The final product, if I do say so myself, is pretty nice. One of the great things about doing your own thing is that you are in command. All the decisions are yours. You want your interior to look a certain way? OK. You want your headers in a certain font? Done. Page numbers, chapter headers, graphics, etc. It’s all you. And that is what 33 A.D. is. It is all me. Aside from the cover, which I contracted, I set every single aspect of the book up myself. (NOTE: I am talking about the print version; I had help with the Kindle version. Author Donnie Light) I have painstakingly edited, groomed, edited, revised, edited, formatted, and edited this book until it suffered far too many cuts and slashes and could no longer bleed, hoping I hadn’t killed it.
Of course, that also means that if it fails miserably, I have only myself to blame. Neat how all that works, huh? (In case you missed it…that’s that “doubt” thing again)

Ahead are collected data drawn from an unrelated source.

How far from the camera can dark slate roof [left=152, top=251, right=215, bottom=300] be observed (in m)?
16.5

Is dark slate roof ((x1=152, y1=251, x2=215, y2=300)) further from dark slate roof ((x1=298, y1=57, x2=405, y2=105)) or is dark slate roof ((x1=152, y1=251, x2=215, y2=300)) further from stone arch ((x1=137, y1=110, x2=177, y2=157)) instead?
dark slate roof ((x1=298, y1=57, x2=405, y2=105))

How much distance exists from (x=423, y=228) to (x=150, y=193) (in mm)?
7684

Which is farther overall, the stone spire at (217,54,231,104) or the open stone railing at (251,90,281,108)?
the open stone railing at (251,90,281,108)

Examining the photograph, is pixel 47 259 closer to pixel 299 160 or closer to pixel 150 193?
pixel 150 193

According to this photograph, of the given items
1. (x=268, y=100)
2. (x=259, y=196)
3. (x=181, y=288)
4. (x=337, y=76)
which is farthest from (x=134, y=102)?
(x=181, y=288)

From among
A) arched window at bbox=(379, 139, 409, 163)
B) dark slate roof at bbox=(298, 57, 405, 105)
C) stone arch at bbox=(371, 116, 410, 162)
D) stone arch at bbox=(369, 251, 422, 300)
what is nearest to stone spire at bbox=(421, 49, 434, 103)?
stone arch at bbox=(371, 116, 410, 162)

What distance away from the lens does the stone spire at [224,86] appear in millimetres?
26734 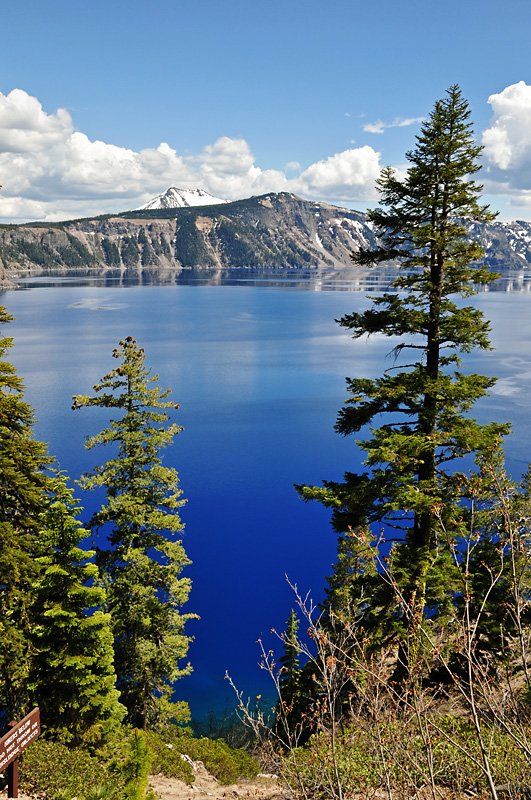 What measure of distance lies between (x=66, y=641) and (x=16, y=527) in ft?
10.8

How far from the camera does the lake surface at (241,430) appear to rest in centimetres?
3075

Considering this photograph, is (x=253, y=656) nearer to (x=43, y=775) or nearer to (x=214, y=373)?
(x=43, y=775)

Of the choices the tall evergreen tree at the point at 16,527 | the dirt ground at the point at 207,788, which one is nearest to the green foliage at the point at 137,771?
the dirt ground at the point at 207,788

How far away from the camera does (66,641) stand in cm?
1339

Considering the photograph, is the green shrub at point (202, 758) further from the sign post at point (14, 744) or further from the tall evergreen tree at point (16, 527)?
the sign post at point (14, 744)

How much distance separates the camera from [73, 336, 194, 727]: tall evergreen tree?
635 inches

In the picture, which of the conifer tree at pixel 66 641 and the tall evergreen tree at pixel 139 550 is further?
the tall evergreen tree at pixel 139 550

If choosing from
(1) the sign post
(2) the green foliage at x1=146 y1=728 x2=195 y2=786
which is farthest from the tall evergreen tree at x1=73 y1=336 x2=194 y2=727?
(1) the sign post

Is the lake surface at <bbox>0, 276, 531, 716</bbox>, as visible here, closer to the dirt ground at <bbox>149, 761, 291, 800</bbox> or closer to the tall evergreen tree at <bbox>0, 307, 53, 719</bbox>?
the dirt ground at <bbox>149, 761, 291, 800</bbox>

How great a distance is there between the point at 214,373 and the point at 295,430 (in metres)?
25.5

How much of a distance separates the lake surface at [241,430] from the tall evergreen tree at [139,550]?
7.60 m

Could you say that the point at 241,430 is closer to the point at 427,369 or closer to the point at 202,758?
the point at 202,758

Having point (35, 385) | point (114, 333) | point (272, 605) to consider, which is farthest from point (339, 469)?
point (114, 333)

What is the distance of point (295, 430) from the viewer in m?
53.2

I’m not the first person to do this, and I won’t be the last, but it can be a bit overwhelming at times. Marketing, promotion, writing, trying to keep my head on my day job so all this is even possible, etc. So far my head hasn’t exploded, but if it does, I’ll make sure to let everyone know via posthumous text messages. I haven’t figured out how I am going to do that yet, but I’ll cross that bridge when I get there.
Anyway, doubt. That’s what started this whole thread. Doubts are everywhere, especially for an author in my position. The trick is not to succumb to them. I’ve come close more than once, but the bottom line is I believe in my work. It won’t be for everyone, no book is. Some folks will hate it, some will never know it exists, and still others will simply say “M’eh. I’ve seen better.” But some people will like it. Maybe even love it. I believe this so strongly that I put my own money and time on the line to see it happen. Despite any doubts or fears I may have, I have to see this through. How many others in my position have said those words, I wonder? Thousands? Millions? Probably. Some have won. Most have lost, but win or lose, I am going to try.
Because if you let your doubts get the best of you, then you have already lost.